When you go back to the history of this matter, you will find that the 2012-13 budget papers do not identify where that $4.1 billion is going to come from. They do not identify savings that were linked to the NDIS that, when projected out to 2020, filled that $4.1 billion funding gap. Anyone here can be invited to look through those 2012-13 budget papers. The answer simply is not there. Of course, this presented something of a problem at budget estimates in the relevant year. There was a budget glossy that was produced at the time—not the budget papers that form part of the parliamentary record, but a budget glossy—and that did contain a chart. The chart nominated private health insurance reforms, reforms to retirement incomes and the mysterious 'other' long-term savings.

I would briefly note with respect to those two broadly identified savings measures, private health insurance changes and reforms to retirement incomes, that, as noted in question time today, those private health insurance changes were spent three times over. The member for Lilley explicitly said that those savings would be taken to help return the budget to surplus. He later explicitly said that those savings would be redirected to partially offset the cost of dental health reform. And the claim now is that they are being applied to the NDIS. The golden rule of public finance is: if you make a savings, you can only spend it once. Many have tried to spend it twice, but few have tried to spend it three times. The same can be said of the reforms to retirement incomes. They were first announced as savings to return the budget to surplus. They were then announced, or claimed, to be allocated to the NDIS. I might just add that this budget, 2012-13, which is said to contain the mysterious answer to the other savings—which it does not—predicted, at one point, a budget surplus in 2012-13 of $1.5 billion which turned into a budget deficit of $18.8 billion. This is the document that we are supposed to search for the credible answer as to how this $4.1 billion funding gap in 2020 is going to be filled—a document that predicted $1.5 billion and delivered an $18.8 billion deficit. What a joke!

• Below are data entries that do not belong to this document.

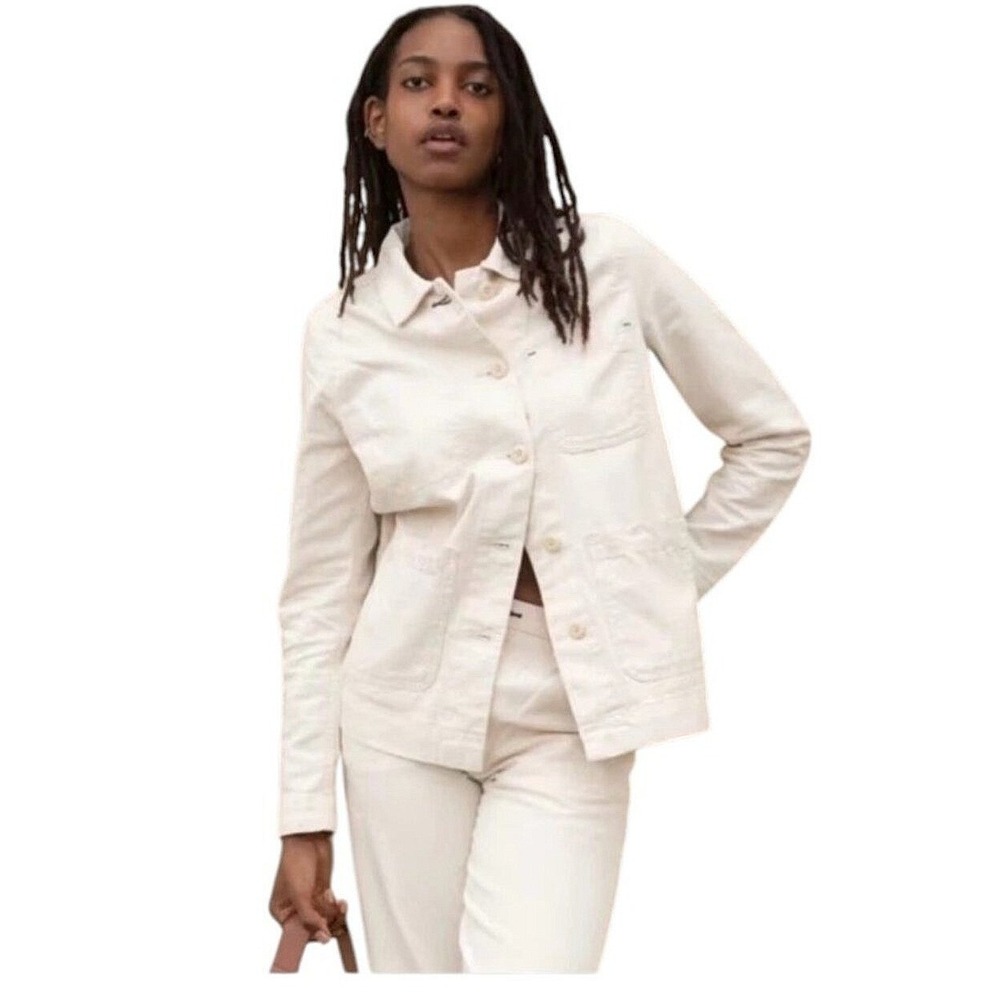 Everlane Chore Chore Jacket Womens S Cream Cotton Button Front Utility Work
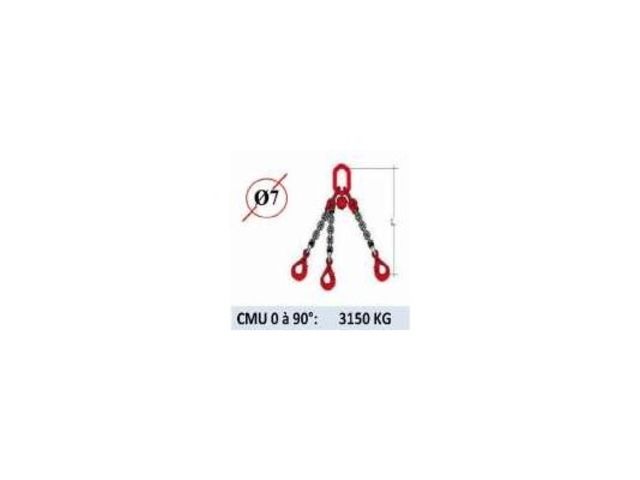 Elingue chaine 3 brins - crochets automatiques - CMU 3150 kg (classe 80)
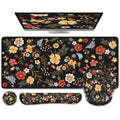 iCasso Desk Cover Mat, 4in1 Floral Large Mouse Pad with Wrist Rest - color: Flowers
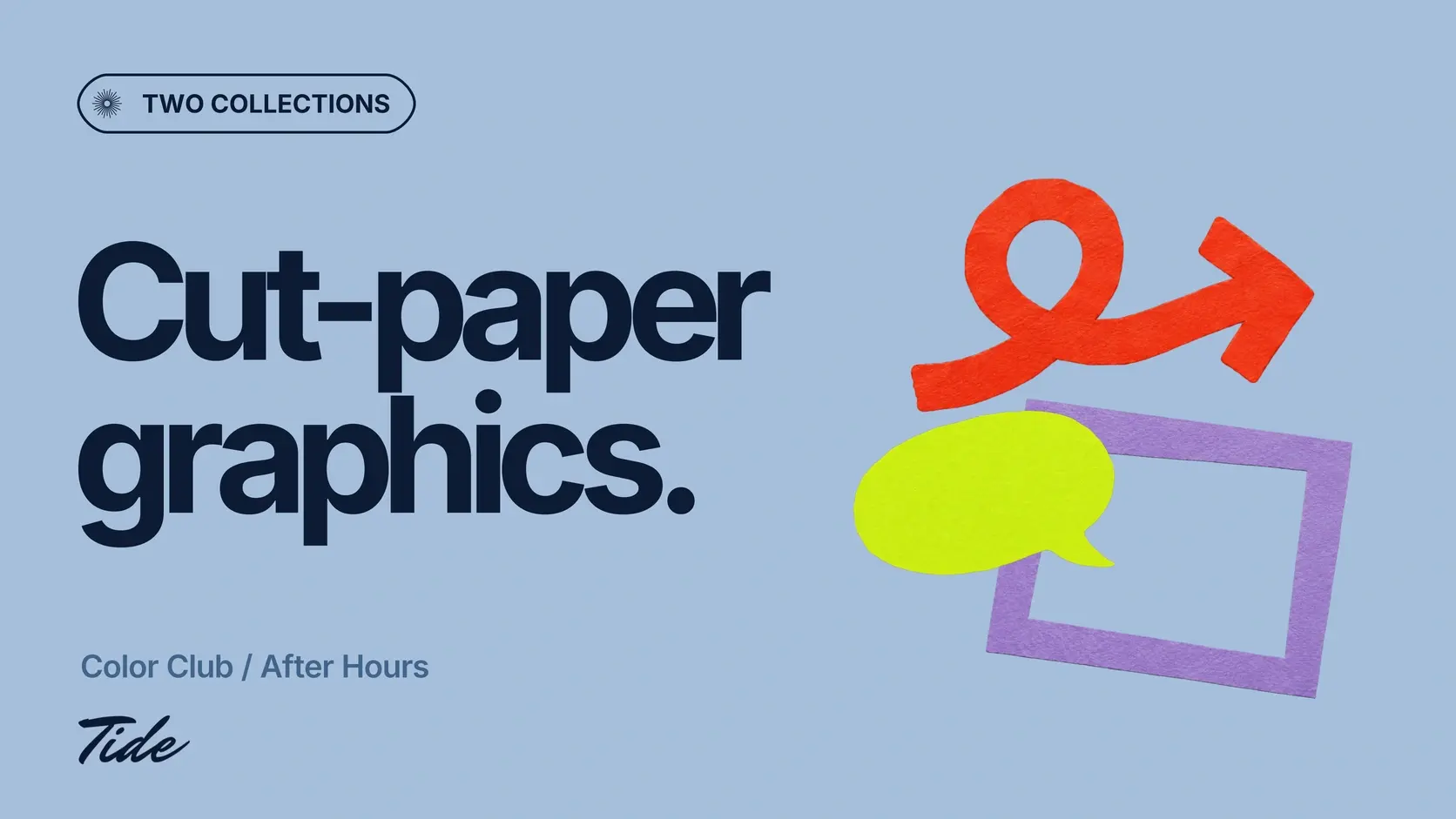 Cut-Paper Graphics: navy Inter lettering on ocean blue with the original red loop arrow, lime speech bubble and lilac paper frame.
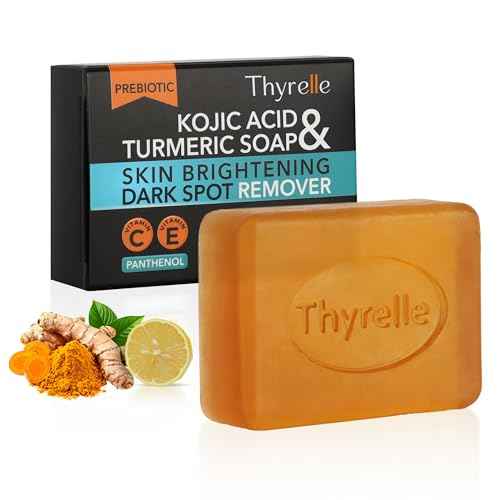 Kojic Acid and Turmeric Soap (3.5 oz) I Kojic Acid Soap for Body and Face I Turmeric soap bar with Panthenol, Vitamin C, Vitamin E and Prebiotics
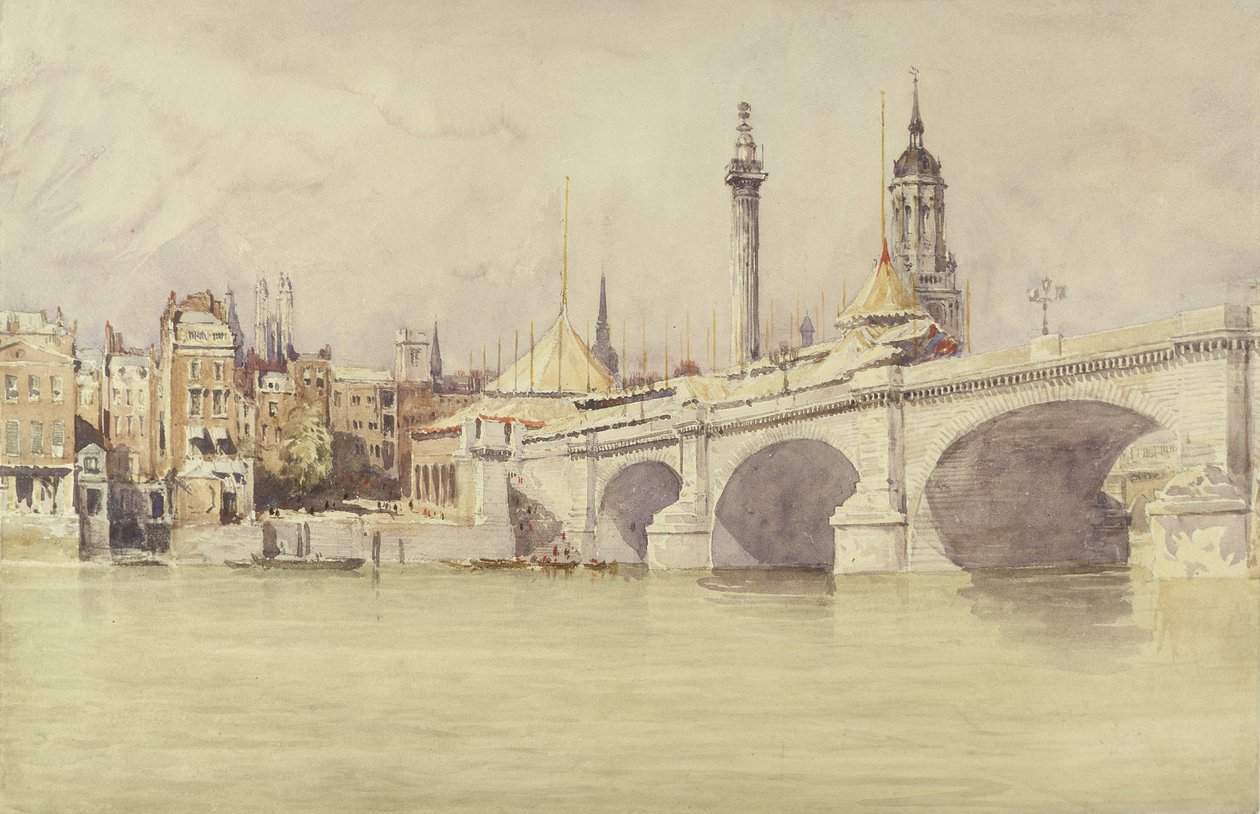 London Bridge, 1831 (wc z kolorem nadwozia nad grafitem na papierze) autorstwa David Cox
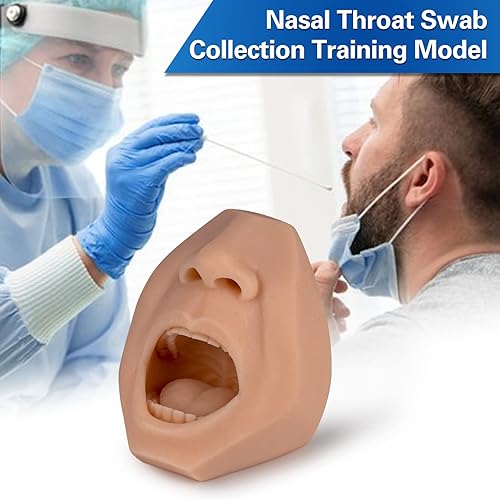 Miniatura 18 de SimCoach Hisopo nasal, modelo de entrenamiento de prueba de hisopo de garganta, simulador de recolección de hisopos, hisopo oral de saliva, Negro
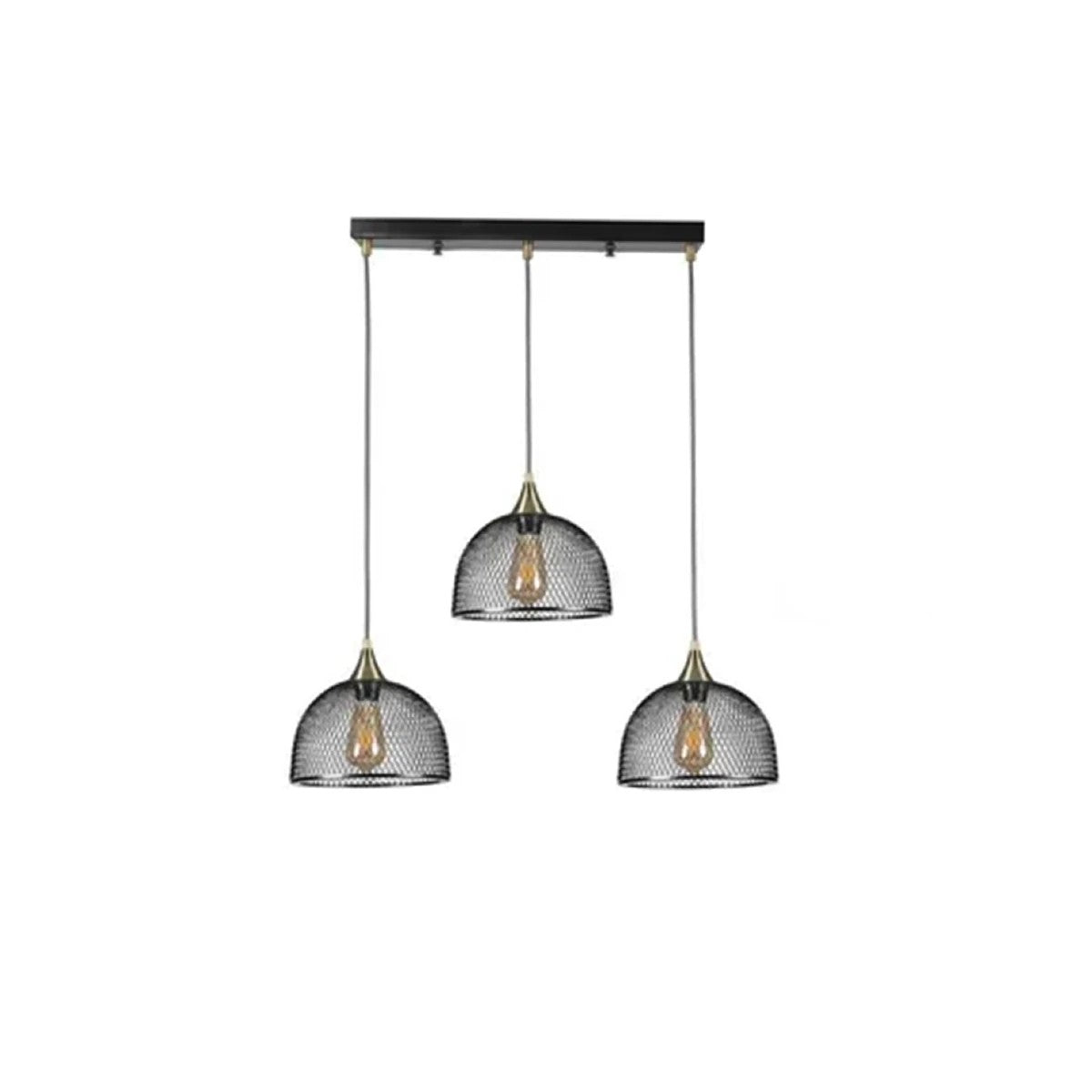 GloboStar® GLIND 201-0082 Vintage Κρεμαστό Φωτιστικό Ράγα Ράγα Τρίφωτο 3 x E27 IP20 Μαύρο Μέταλλο - Μ55 x Π25 x Υ70cm - ledmania.gr
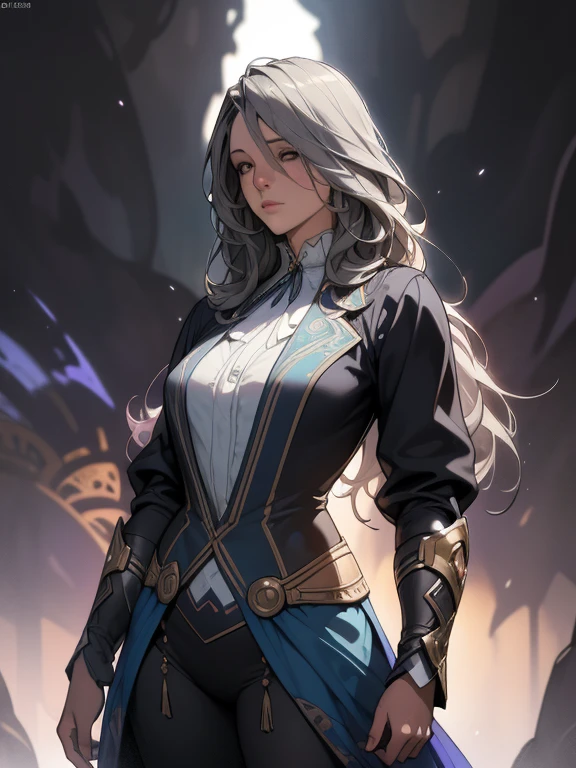 Surreal female character art by David Hockney and Alphonse Mucha, Fantasy art, Realistic art, Dynamic Lighting, Art Station, Volumetric lighting, Highly detailed face, 8k,Full HD, Awards,, 1 girl, In the Dark, Deep Shadow, moderate, Cowboy Shot, (Official Costume: 1.4), Long Hair, Gray Hair, Black Light Hair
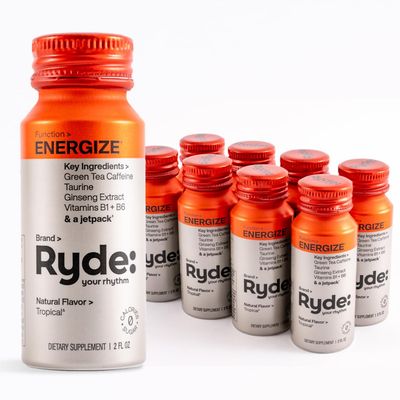 Ryde: Energize Shot | Tropical Flavor | Green Tea Caffeine, Taurine, Ginseng Extract &amp; B Vitamins | 0 Calories, 0 Sugar | 2 FL OZ Shots | Boosts energy* (8 Pack)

Then we end up at Senate estimates after this 2012-13 budget, and that glossy table—which I think the member for Jagajaga attempts repeatedly to table, which is pointless because the thing is utterly meaningless—becomes the subject of questioning in Senate estimates. Under 'other savings', that chart attempts to point to things that were in the 2012-13 budget—which, of course, in that budget were not linked at all to the NDIS, but it attempts to point to those things nonetheless. Senator Fifield, who was responsible at the time, of course asked the obvious question that anyone would ask: if you say that they were other savings and you even make an attempt to point to them, can you quantify them? Can you wrap numbers around these other savings that add up to $4.1 billion? Senator Fifield said:

I might just return to the helpful document you provided at the start of proceedings today and try my luck.

Try his luck he did!

This relates to chart 3, 'DisabilityCare Australia' on the last page of the document. There is a category 'Other long-term savings' … for 2013-14 to 2022-23. Are you able to further disaggregate that by each of the measures there over the time scale?

The Treasury representative answers this way: 'The short answer is no'. That is a very awkward position, isn't it?

They left a government a massive expenditure on an incredibly worthy reform. They failed to fully fund it. They claimed repeatedly, in the most vague, ridiculous and nonsensical ways, that it is fully funded through other savings, and they left this government with the hard work. Well, the work is being done.